I also believe that if some organization is paying one’s bills, then that organization has every right to demand certain behavior of the payee. Medication compliance, lifestyle practices, and the need to contribute in every way possible through volunteering and part-time work should be expected.
One is free to neglect treatment and engage in dangerous behavior. One also is free to make no effort to pay a portion of one’s expenses. This person, however, should not expect a public entity to support such irresponsibility and squandering of others’ contributions, either through charity, insurance, or tax-based transfer programs. The benefit of work on treatment outcomes is well established, and the legal structure exists to enable the challenged person to work with accommodations. So to be very blunt, comply and try or expect no assistance.
This insistence must be tempered by the fact that some people are unable to work. Also, established treatments do not work for everyone. Just as society should provide opportunities for people to get off assistance, society has the obligation to take care of the most difficult cases.
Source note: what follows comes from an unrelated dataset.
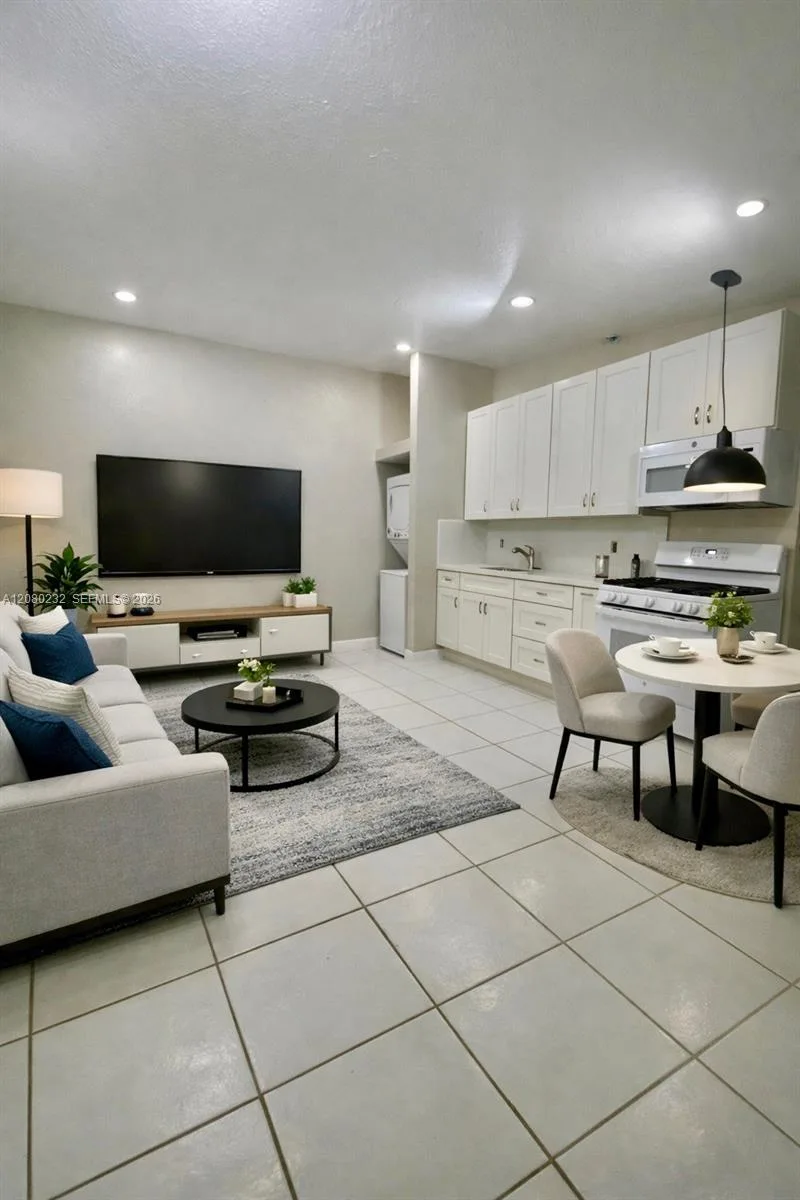 255 W 64th St, Hialeah, FL 33012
In no way should people so sick they cannot function independently be left to suffer in a society that has resources to provide them with a comfortable and safe lifestyle. But again, treatment compliance, when treatment is available, should be mandatory.
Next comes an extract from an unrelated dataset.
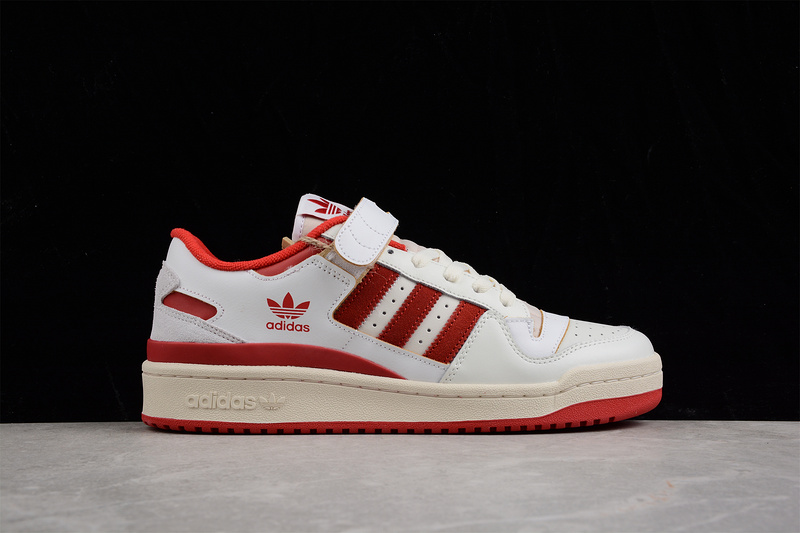 Forum 84 Low White/Red/White 9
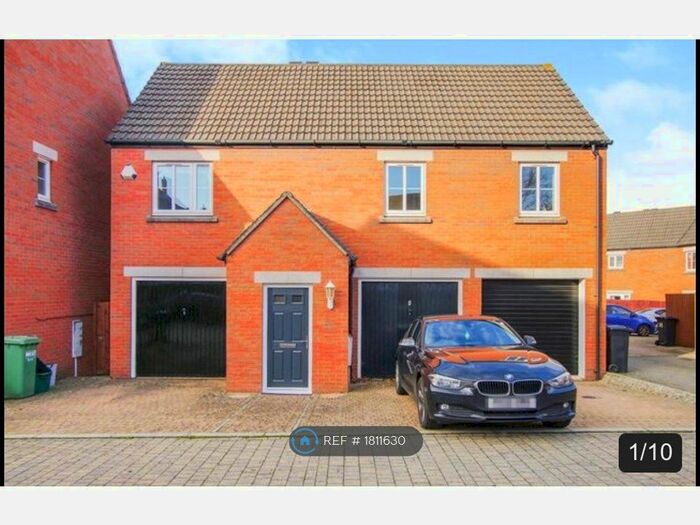 2 Bedroom Detached House To Rent In Castle Court, Stoke Gifford, Bristol, BS34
The people with diagnoses who require assistance can place demands on the system that supports them as well. The biggest demands we can make are for compassion and understanding. Society must not stray too far into the idea of individual responsibility. Unexpected things happen, and few get well without help. No one with a mental illness chooses to be sick. Those who overcome the difficulty of living with mental illness and find success should be celebrated. But so should every person who even tries, whether they fail or succeed. For these people a safety net seems fair, just, and moral.
This compassion seems to be slipping from society. People who need help increasingly are afforded less dignity and respect. In previous economic downturns, assistance was given enthusiastically to those who lost and were trying to recover. This did not happen in the last recession and it hasn’t happened since. In fact, in many cases those who are less fortunate have been demonized and asked to suffer for mistakes and choices they made with a mind that did not function normally, or for actions that were taken in desperation. Forgiveness and second chances are rare.
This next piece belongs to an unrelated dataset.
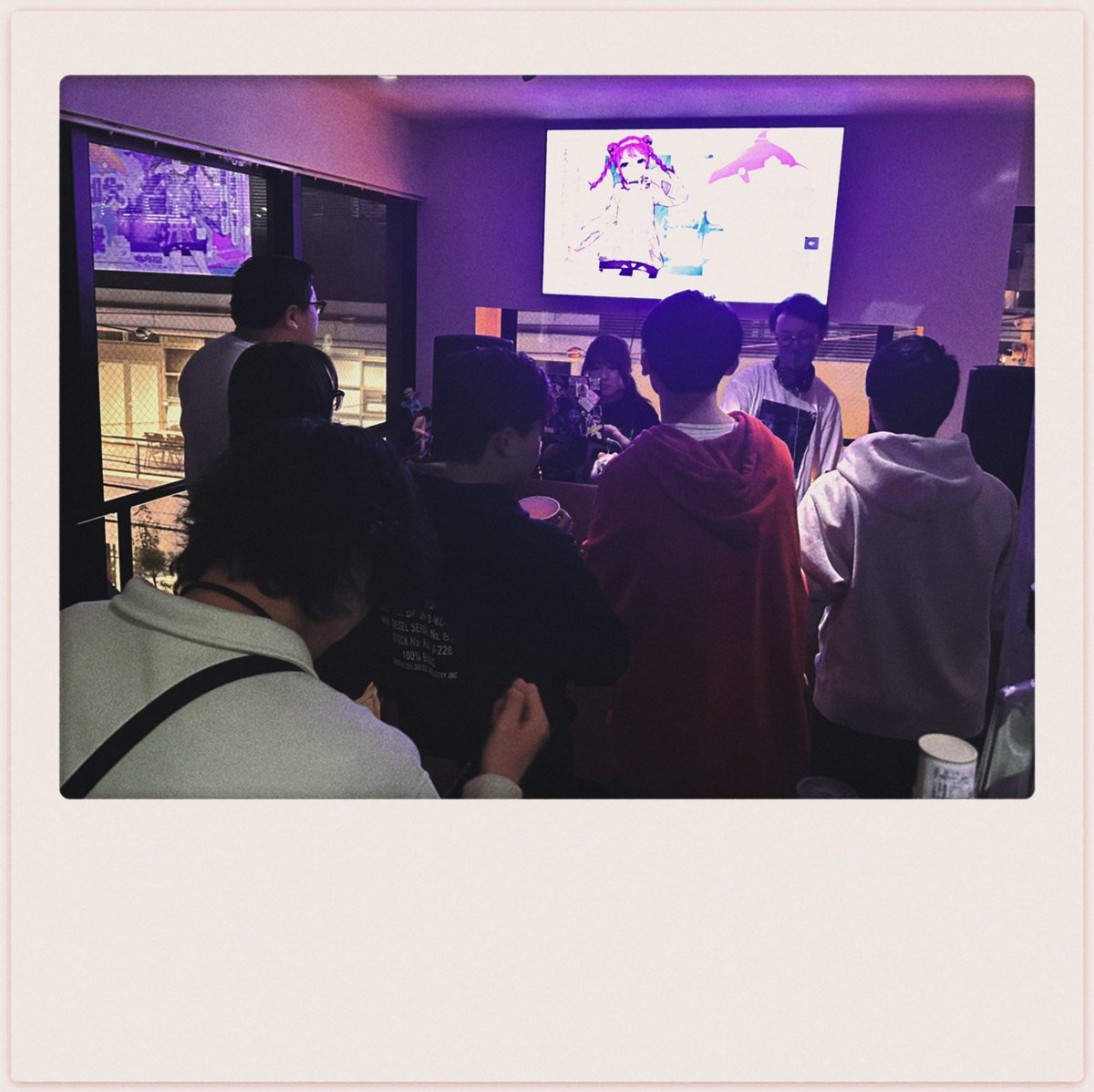 #V_LOUNGE ご来場ありがとうございました〜！🎧✨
So the onus of recovery is on both sides: effort from the challenged, and opportunity from the advantaged. Instead of mindlessly paying out benefits to those who can qualify, why not give incentives to doctors, treatment centers, and job training programs that move people off of disability and into self-sufficient society? The person home and unable to work should not be blamed. But their situation should rarely be accepted as permanent either. All can contribute, and all can improve their own outcome and society’s.